● **Exercise input**:

•••••

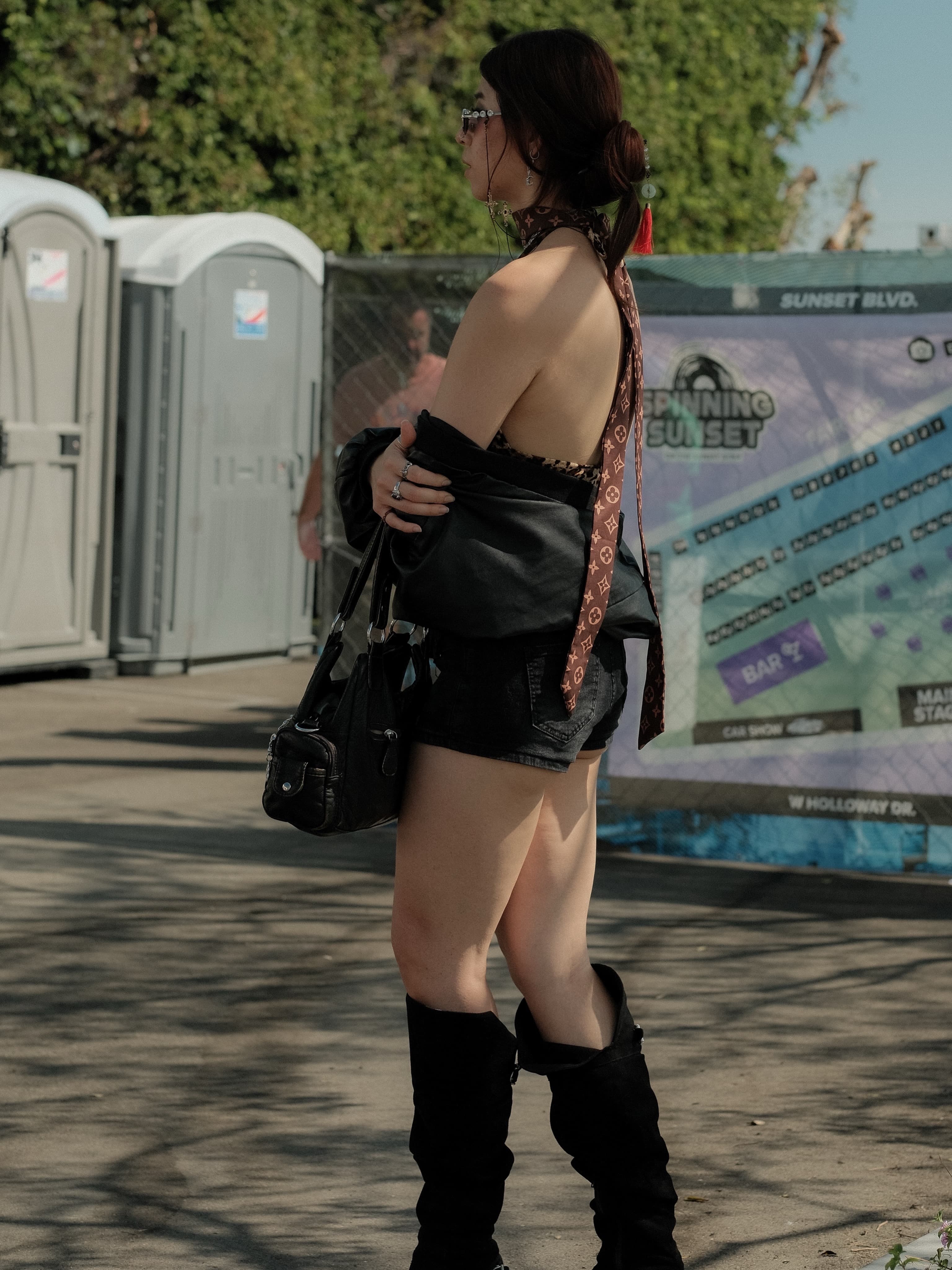 Black off-shoulder top, denim shorts, a printed silk scarf tied at the neck, at Spinning Sunset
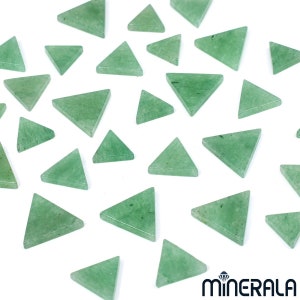 May include: A collection of 25 green triangle-shaped gemstone chips. The chips are smooth and polished, with a light green colour.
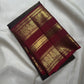 Deep Coffee Brown Pure Silk body with petite zari buttas and broad traditional peacock gold zari border.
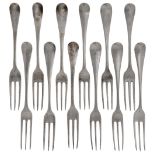 A composite set of twelve three pronged 18th century table forks, comprising three London, 1758,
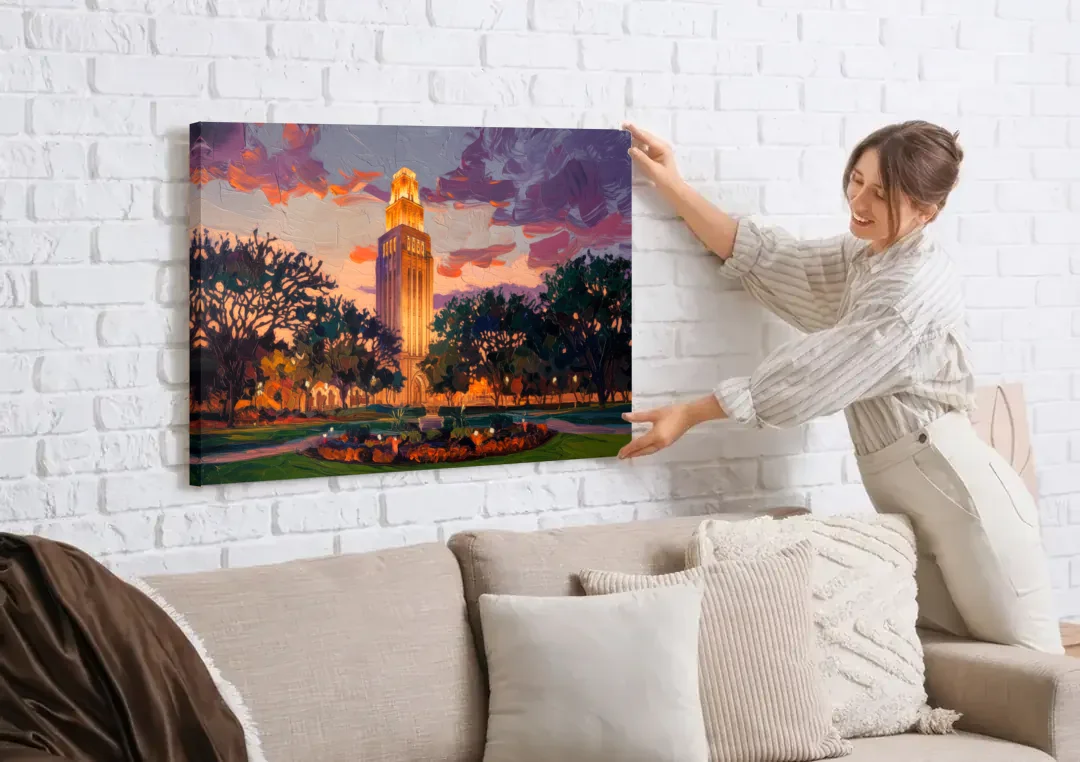 Austin Ut Tower Glow canvas wall art being hung on a white brick wall above a sofa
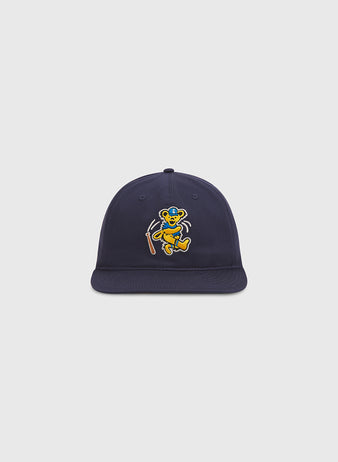 Show your playful spirit with the Grateful Dead Baseball Bear Cotton Twill Ballcap by Ebbets Field—this navy blue hat features an embroidered cartoon bear dancing and holding a walking stick on the front, set against a plain light gray background, making it an ideal choice for fans looking to add a whimsical twist to the classic ballcap.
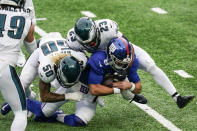 Philadelphia Eagles' Duke Riley (50) and Rodney McLeod (23) tackle New York Giants quarterback Daniel Jones (8) during the first half of an NFL football game Sunday, Nov. 15, 2020, in East Rutherford, N.J. (AP Photo/Corey Sipkin)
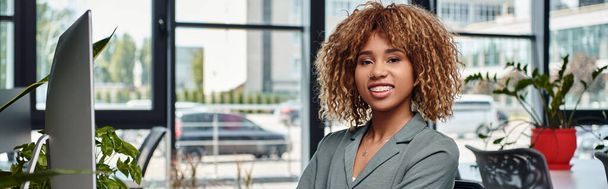 щаслива афроамериканська бізнес-леді, що сидить за столом перед монітором комп'ютера в офісі, банер - Фото, зображення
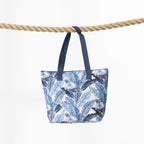 A beach bag with a blue and white tropical leaf print, hanging from a thick natural rope against a plain white background.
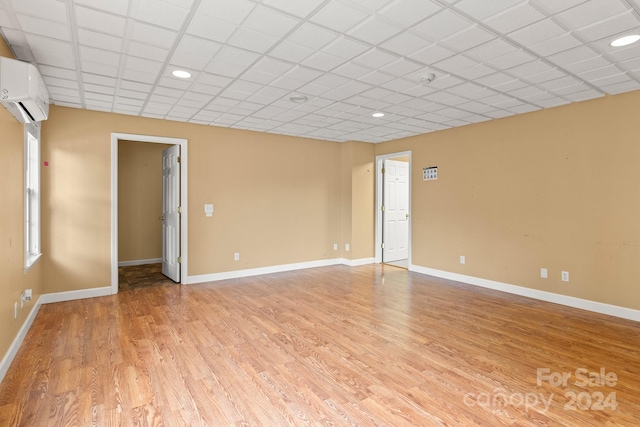 empty room featuring light wood-type flooring, a wall mounted air conditioner, and a drop ceiling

•••••

● **What you have to do**: Return the entries unchanged, save for the pictures, which do not belong in the copy.

● **Exercise output**:
 Black off-shoulder top, denim shorts, a printed silk scarf tied at the neck, at Spinning Sunset
 May include: A collection of 25 green triangle-shaped gemstone chips. The chips are smooth and polished, with a light green colour.
 Deep Coffee Brown Pure Silk body with petite zari buttas and broad traditional peacock gold zari border.
 A composite set of twelve three pronged 18th century table forks, comprising three London, 1758,
 Austin Ut Tower Glow canvas wall art being hung on a white brick wall above a sofa
 Show your playful spirit with the Grateful Dead Baseball Bear Cotton Twill Ballcap by Ebbets Field—this navy blue hat features an embroidered cartoon bear dancing and holding a walking stick on the front, set against a plain light gray background, making it an ideal choice for fans looking to add a whimsical twist to the classic ballcap.
 Philadelphia Eagles' Duke Riley (50) and Rodney McLeod (23) tackle New York Giants quarterback Daniel Jones (8) during the first half of an NFL football game Sunday, Nov. 15, 2020, in East Rutherford, N.J. (AP Photo/Corey Sipkin)
 щаслива афроамериканська бізнес-леді, що сидить за столом перед монітором комп'ютера в офісі, банер - Фото, зображення
 A beach bag with a blue and white tropical leaf print, hanging from a thick natural rope against a plain white background.
 empty room featuring light wood-type flooring, a wall mounted air conditioner, and a drop ceiling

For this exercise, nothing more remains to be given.